- Founded: 1968 or earlier
- Dissolved: 1969
- Headquarters: Kazakh SSR, Soviet Union
- Active regions: Xinjiang, China
- Ideology: Communism; Marxism–Leninism; East Turkestan independence;
- Size: 60,000 (self-claimed, unverified)

Uyghur name
- Uyghur: شەرقىي تۈركىستان خەلق ئىنقىلاۋى پارتىيىسى‎
- Latin Yëziqi: Sherqiy Türkistan Xelq Inqilawi Partiyisi
- Yengi Yeziⱪ: Xərⱪiy Türkistan Helq Inⱪilawi Partiyisi
- Siril Yëziqi: Шәрқий Түркистан Хәлқ Инқилави Партийиси

Russian name
- Russian: Народно-революционная партия Восточного Туркестана
- Romanization: Narodno-revolyutsionnaya partiya Vostochnogo Turkestana

Chinese name
- Simplified Chinese: 东突厥斯坦人民革命党
- Traditional Chinese: 東突厥斯坦人民革命黨

Standard Mandarin
- Hanyu Pinyin: Dōng Tūjuésītǎn Rénmín Gémìng Dǎng

People's Revolutionary Party
- Simplified Chinese: 人民革命党
- Traditional Chinese: 人民革命黨

Standard Mandarin
- Hanyu Pinyin: Rénmín Gémìng Dǎng

= East Turkestan People's Revolutionary Party =

Uyghur separatist group (1968–1969)

The East Turkestan People's Revolutionary Party (ETPRP) (Note:
- شەرقىي تۈركىستان خەلق ئىنقىلاۋى پارتىيىسى
- Народно-революционная партия Восточного Туркестана
- 东突厥斯坦人民革命党 (Dōng Tūjuésītǎn Rénmín Gémìng Dǎng)
) was a communist militant organization advocating East Turkestan independence (i.e. Xinjiang separatism). It was founded as the Uyghurstan People's Party amid the height of the Sino-Soviet split, in either 1967 or 1968. It was based in Soviet Kazakhstan and received covert support from the Soviet government.
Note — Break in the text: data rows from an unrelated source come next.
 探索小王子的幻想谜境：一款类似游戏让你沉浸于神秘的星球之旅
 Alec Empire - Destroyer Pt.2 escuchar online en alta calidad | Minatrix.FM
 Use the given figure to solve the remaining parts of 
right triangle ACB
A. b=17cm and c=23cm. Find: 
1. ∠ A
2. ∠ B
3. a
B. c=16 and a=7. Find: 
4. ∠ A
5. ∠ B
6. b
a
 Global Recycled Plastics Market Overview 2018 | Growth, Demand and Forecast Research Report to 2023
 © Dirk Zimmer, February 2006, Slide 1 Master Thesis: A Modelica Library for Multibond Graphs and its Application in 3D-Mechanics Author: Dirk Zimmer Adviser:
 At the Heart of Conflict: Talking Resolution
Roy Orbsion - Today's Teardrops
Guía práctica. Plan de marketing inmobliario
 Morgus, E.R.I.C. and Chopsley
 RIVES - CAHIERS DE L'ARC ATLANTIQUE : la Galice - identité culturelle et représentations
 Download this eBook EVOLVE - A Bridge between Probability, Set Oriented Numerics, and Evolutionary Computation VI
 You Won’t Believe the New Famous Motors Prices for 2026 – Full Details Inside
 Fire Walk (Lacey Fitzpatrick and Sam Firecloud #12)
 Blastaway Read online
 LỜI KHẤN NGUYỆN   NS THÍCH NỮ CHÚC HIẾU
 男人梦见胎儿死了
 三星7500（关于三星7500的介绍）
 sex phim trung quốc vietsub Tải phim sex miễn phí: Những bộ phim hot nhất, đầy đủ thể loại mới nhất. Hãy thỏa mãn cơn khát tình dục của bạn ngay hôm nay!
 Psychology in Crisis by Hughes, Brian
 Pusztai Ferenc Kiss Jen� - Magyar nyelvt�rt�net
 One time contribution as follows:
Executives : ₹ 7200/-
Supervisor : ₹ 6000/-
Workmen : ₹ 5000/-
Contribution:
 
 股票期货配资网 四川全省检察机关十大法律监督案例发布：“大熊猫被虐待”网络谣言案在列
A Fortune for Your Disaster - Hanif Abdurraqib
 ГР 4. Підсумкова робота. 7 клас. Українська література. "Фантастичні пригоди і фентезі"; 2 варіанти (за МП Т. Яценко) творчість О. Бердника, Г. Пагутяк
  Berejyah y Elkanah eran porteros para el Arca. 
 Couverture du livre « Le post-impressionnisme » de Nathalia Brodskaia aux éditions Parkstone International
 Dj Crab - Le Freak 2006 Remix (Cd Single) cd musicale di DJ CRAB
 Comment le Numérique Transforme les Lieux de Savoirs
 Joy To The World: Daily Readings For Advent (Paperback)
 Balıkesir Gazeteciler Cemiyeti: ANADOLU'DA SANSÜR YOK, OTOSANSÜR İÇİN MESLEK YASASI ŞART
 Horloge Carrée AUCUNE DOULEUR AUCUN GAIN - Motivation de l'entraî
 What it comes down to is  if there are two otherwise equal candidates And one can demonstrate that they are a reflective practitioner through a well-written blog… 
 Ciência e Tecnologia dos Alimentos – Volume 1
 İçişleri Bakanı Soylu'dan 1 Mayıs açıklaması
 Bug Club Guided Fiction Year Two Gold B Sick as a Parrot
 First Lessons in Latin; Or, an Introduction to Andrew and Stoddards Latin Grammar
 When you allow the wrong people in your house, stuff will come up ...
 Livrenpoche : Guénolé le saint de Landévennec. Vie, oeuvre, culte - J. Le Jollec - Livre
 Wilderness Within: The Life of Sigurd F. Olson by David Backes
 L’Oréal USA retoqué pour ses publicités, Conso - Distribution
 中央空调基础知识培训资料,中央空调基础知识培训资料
The group disappeared following the arrest or exile of most of its leaders in 1969 and a decline in Soviet support owing to a rekindling of Sino-Soviet relations.

== History ==
According to its former members, the Uyghurstan People's Party was founded in or a few years before 1967 or 1968. Chinese historian Zhang Yuxi suggests that the group may have been established clandestinely as early as 1963. The group changed its name to the East Turkestan People's Revolutionary Party (ETPRP) to echo the legacy of the earlier East Turkestan Revolutionary Party (1946–1947) and to appeal to Turkic populations aside from the Uyghurs, particularly the Kazakhs and Kyrgyz in China.

Former ETPRP members claimed the group reached a peak of 60,000 fighters and 178 underground branches in 1969, which would have made the ETPRP the largest separatist group in Xinjiang since the region's 1949 takeover by the People's Republic of China. However, these figures have never been verified by a third party. The group initially set up clandestine branches in Kashgar and Ürümqi, the cultural and political capitals of Xinjiang, but its leadership was based in Soviet Kazakhstan.

After a failed insurrection in 1969, the ETPRP gradually weakened due to the arrest and exile of most of its members. The ETPRP blamed the Soviets for their "lack of commitment" to supporting the separatists. Soviet support decreased as Sino-Soviet relations began warming up again that year.